Of the state lawmakers who are still sitting, 42 supported it and 10 opposed the amendment at least once. Three members of the U.S. House — Republicans Charles Dent, Jim Gerlach and Joseph Pitts — were state lawmakers when they voted for the provision, while one — Democrat Allyson Schwartz — voted against it. Mike Fisher, now a judge on the 3rd U.S. Circuit Court of Appeals in Philadelphia, voted for it as a Republican state senator.
Today, a handful of lawmakers who voted for that law belong to the Legislature’s 60-member lesbian- and gay-rights caucus, which supports same-sex marriage. One of them, Rep. Michael McGeehan, D-Philadelphia, said he regrets that vote and struggled with it at the time.
“If it was 1996 again, I wish I would have made another decision,” McGeehan said.
The Republican governor who signed the law, Tom Ridge, has also had an apparent change of heart. In February, he signed on to a friend-of-the-court brief asking the U.S. Supreme Court to uphold the 9th U.S. Circuit Court of Appeals decision striking down California’s Proposition 8, which had banned gay marriage.
During floor comments, the writer of the amendment, then-Rep. Allan Egolf, R-Perry, told colleagues that he wanted Pennsylvania to avoid higher costs that would result from providing insurance and pension benefits to same-sex partners and to enshrine into law the state’s “traditional and longstanding policy of moral opposition to same-sex marriages.”
Egolf cited a Gallup poll from March 1996 that showed that 68 percent of Americans opposed same-sex marriage and just 27 percent approved of it. Late last year, Gallup found that 46 percent of Americans opposed same-sex marriage, versus 53 percent who support it.
Acceptance of same-sex marriage seems sure to grow more: 18- to 29-year-olds surveyed in the more recent Gallup poll supported it 73 percent to 26 percent.

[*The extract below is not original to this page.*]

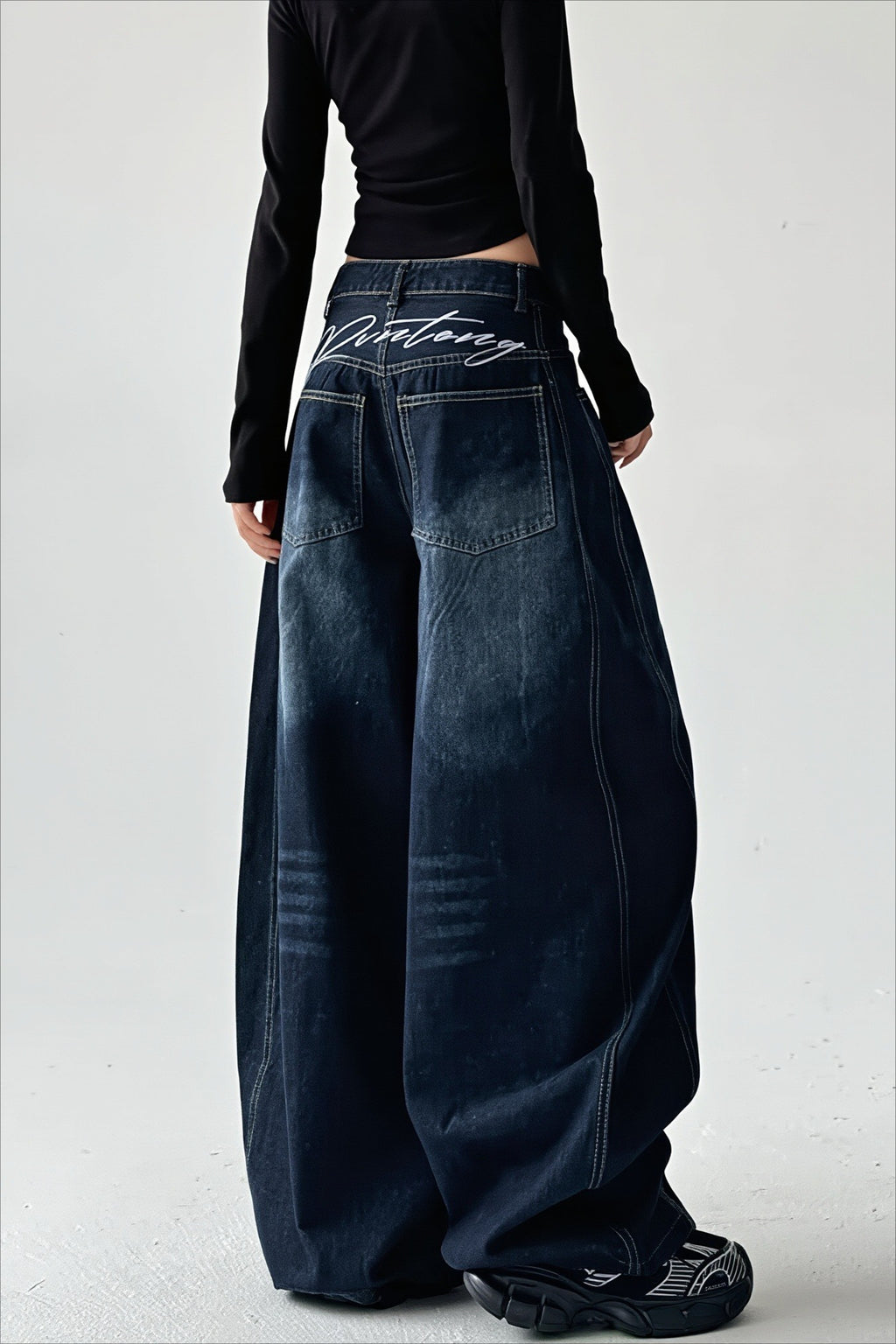 High Rise Embroidered Barrel Leg Jeans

On Thursday, Attorney General Kathleen Kane, a Democrat, called the law unconstitutional and said she refuses to defend it. That likely leaves its defense to Gov. Tom Corbett, a Republican who lines up with the national party platform that supports a constitutional amendment “defining marriage as the union of one man and one woman.” Corbett has been silent on whether he will fight the lawsuit.
The House approved Egolf’s amendment, 177-16, after an effort to deem it unconstitutional failed, 171-29. The Senate took it up Oct. 1, 1996, and passed it, 43-5.
During floor debates, opponents — all Democrats but one — knew they were outnumbered.
“I know the vote today will probably be overwhelming, the same way the vote in a southern legislature years ago would have been overwhelming in discriminating against black minorities,” then-Sen. Vincent Fumo, D-Philadelphia, told colleagues. “That does not make the vote right. It is still wrong.”
Rep. Mark Cohen, D-Philadelphia, warned that passage of the measure would speed up federal court scrutiny, and that an eventual U.S. Supreme Court review would be influenced by what he predicted would be rejections by a Pennsylvania district court and the 3rd U.S. Circuit Court of Appeals.
“I think that we need to say to ourselves, ‘If not now, when?’” argued then-Rep. David King, R-Mercer. “I would say to you that it is time for us now to speak out for those values that have brought us to this great commonwealth through the past, … that today’s values will be tomorrow’s future here in Pennsylvania.”